Batteh Matthew J 4
Research Summary
AI-generated summary
SAIA (SAIA) CFO Matthew Batteh Receives Award, Sells Shares for Taxes
What Happened
- Matthew J. Batteh, Chief Financial Officer of SAIA Inc., received a grant of 757 shares (performance unit award) on 2026-02-09 (no cash paid for the award). To cover tax withholding obligations, Batteh had a total of 290 shares disposed: 25 shares on 2026-02-06 at $415.46 ($10,387), and 224 shares and 41 shares on 2026-02-09 at $409.60 ($91,750 and $16,794 respectively). The withheld/sold shares for taxes totaled $118,931. Net effect: +467 shares (757 awarded − 290 withheld).
Key Details
- Transaction dates and prices:
- 2026-02-06: 25 shares withheld/sold at $415.46 — $10,387 (tax withholding).
- 2026-02-09: 757 shares granted (award) at $0.00 — issuance under 2018 Omnibus Incentive Plan.
- 2026-02-09: 224 shares withheld/sold at $409.60 — $91,750 (tax withholding on award issuance).
- 2026-02-09: 41 shares withheld/sold at $409.60 — $16,794 (tax withholding).
- Shares owned after the transactions: Not specified in the filing provided.
- Relevant footnotes:
- Awards are Performance Unit Awards for the 1/1/23–12/31/25 performance period (F2).
- Shares were withheld at the officer’s election to cover tax liabilities related to vesting/issuance of restricted and performance shares (F1, F3, F4).
- A footnote indicates a conversion rate for a derivative security on Feb 6 (1.1534) resulting in 321.430 underlying shares (F5).
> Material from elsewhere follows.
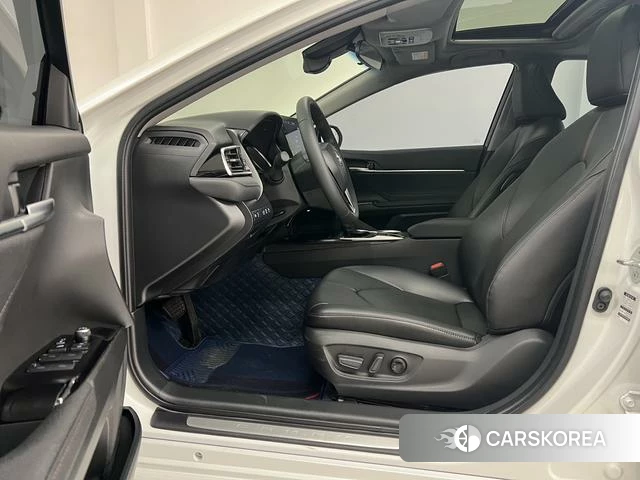 Toyota Camry 2023 Белый из Китая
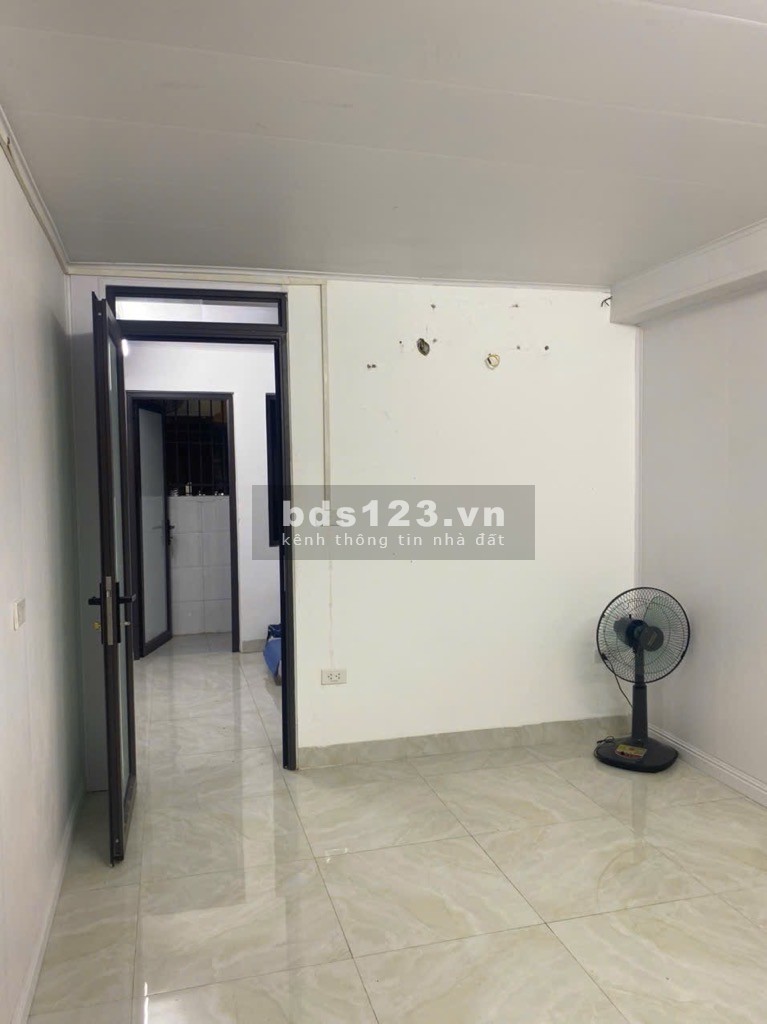 Chính chủ cần bán gấp – Tập thể tầng 1, 2 mặt ngõ, nhà cực đẹp gần Bạch Mai – Giá chỉ 2.85 tỷ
- Filing timeliness: Form 4 filed 2026-02-10; transactions on 2026-02-06 and 2026-02-09 were reported within the standard 2-business-day window (timely).
Context
- The award (code A) is an issuance of performance units — not an open-market purchase — and the disposals (code F) represent shares withheld/retired to cover tax liabilities (common, routine). This is not an open-market sale by the officer to generate cash beyond tax obligations.
- For retail investors: awards increase insider exposure to the company’s stock over time; tax-withholding disposals do not necessarily reflect negative sentiment.